April 25, 2013

Kibitzing

We’ve all experienced going to the movies and being disturbed by people who are carrying on a conversation at various times during the movie. The culprits are either oblivious, or just don’t care that they are disturbing others. Glaring and shushing them is seldom very effective…especially if they are adults. Much to my chagrin the same thing happens in church. Fellowship and visiting continues even though announcements have begun, pew partners engage in conversations while congregational singing is going on, and my personal grievance is with people kibitzing during communion. All of the elements for the communion time – the song selection, prepared meditation, prayer, serving the emblems - are designed to focus the worshipper’s attention on the Lord. Because of the insensitivity of some, moments of meditation and reflection are often shattered and stolen from worshippers. I think Paul’s instructions to the early church concerning talking in tongues and orderly worship could be applicable to us today. “If anyone speaks in a tongue, two—or at the most three—should speak, one at a time, and someone must interpret. If there is no interpreter, the speaker should keep quiet in the church and speak to himself and God.” (1 Cor 14:27-28 NIV)

1 comment:

Steve Corey said...

Gail;

-----In my youth I decided to laugh at this world as soon as I was finished crying about it. So far, I’ve gotten a chance to chuckle a few times. Its failures to serve everyone what they would like are due both to man’s incompetence as well as the shear complexity of any given situation. Pull a chair into an empty, windowless room; close the door; turn out the lights, and sit. Simple situation? Of course not. The situation includes one of the most complex elements of this physical universe - a human. Try to stop its mind or squelch its emotions. Like the gentle breeze tweaks your hairs and licks your cheeks while spring water trickles into your hands and flows unstoppably through your fingers to go on to wherever it goes, your emotions will circulate within you and your thoughts will drip, drip, drip in succession, finding whatever within you to make of the darkness. They might add the warmth of sunlight pressing upon your face and arms, right on down to where the dripping water wets your wrists. Or the chill of an overcast sky. Or whatever else. The complexity in the room cometh from you.
-----When I was four years old I lived nearly a quarter-mile from the railroad south bounding to Ridgway. In the dark of the night, in the still of everyone’s slumber, that distance was not too far to silence the footsteps of the battalion marching down those tracks to seize me! I listened carefully in anxiety, not quite fear, to the endless pounding of the boots against rail ties and the graveled, packed dirt between. Quiet! Quiet! Listen! Listen, can I really hear each boot pound the ground as that marched footfall crunched more than it crisply popped? And the next? Hear the next? Yes! Yes! I can! There are so many! They keep marching, marching, marching. But never arrive.
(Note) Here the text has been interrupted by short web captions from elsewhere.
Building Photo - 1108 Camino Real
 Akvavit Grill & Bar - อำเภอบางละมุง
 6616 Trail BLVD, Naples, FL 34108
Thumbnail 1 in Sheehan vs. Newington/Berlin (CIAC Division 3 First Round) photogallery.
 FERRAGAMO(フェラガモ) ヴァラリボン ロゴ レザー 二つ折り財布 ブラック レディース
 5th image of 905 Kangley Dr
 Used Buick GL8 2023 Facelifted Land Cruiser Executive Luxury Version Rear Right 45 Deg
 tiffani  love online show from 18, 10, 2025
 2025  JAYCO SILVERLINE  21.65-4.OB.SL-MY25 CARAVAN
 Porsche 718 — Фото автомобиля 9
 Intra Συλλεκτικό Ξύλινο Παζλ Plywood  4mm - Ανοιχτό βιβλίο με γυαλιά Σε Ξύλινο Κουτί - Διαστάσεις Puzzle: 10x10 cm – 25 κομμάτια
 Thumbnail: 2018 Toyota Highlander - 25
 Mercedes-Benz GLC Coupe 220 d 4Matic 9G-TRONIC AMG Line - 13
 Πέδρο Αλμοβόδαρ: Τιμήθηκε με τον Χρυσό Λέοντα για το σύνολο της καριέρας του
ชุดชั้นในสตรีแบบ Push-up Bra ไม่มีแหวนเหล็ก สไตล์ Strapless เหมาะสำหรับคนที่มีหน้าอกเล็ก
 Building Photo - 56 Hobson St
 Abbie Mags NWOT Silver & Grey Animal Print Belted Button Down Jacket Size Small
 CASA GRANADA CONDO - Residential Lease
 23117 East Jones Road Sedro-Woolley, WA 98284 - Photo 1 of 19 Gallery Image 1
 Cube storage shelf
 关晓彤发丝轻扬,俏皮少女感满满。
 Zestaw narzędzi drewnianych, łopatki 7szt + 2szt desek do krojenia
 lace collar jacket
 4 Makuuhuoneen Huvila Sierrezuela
Why?
-----It is interesting that a little boy’s mind would serve up “why” to be his thoughts’ caboose disappearing into the veil of sleep rustled by a dissipating slipstream of gently swirling and slightly anxious little eddies. It is interesting that it took this little boy several years to answer “why” and realize it was just the pound of pulsing blood heard by an ear pressed to a pillow which dropped the battalion’s marching steps onto his mind, stride by stride.
-----Then what of those pesky, croaking-frog secretion noises which rise up from the tummy of any poor soul trying to maintain ultimate silence? The hiccup, too, the cough, the sneeze, the boot heel knock upon the hardwood floor, the sniffle, and the throat cleared at the soft bustle of a room filled with complexities trying to achieve complete blackout and radio-silence unto the moment of Holy contemplation? Stretch the tolerance for such minor disturbances just a smidgeon, and it will cover also the hushed whispers of thoughts emerging wrapped in their own slipstreams of emotional import for delivery to the complexity seated in the next chair.
-----We are none Holy enough to maintain ultimate blackout. We are all complex enough to effervesce thought and feeling in continuous wispy breezes and inner springs, leaking expressions into the world around us. A spray here, a spout there, a squirt yonder emit from the pressures of pent up expressions escaping through pinholes of lost concentration. If for them a loving chuckle of forbearance darts through one’s own meditative communion images, then that complexity has come to experience and express what all meditation must ultimately seek.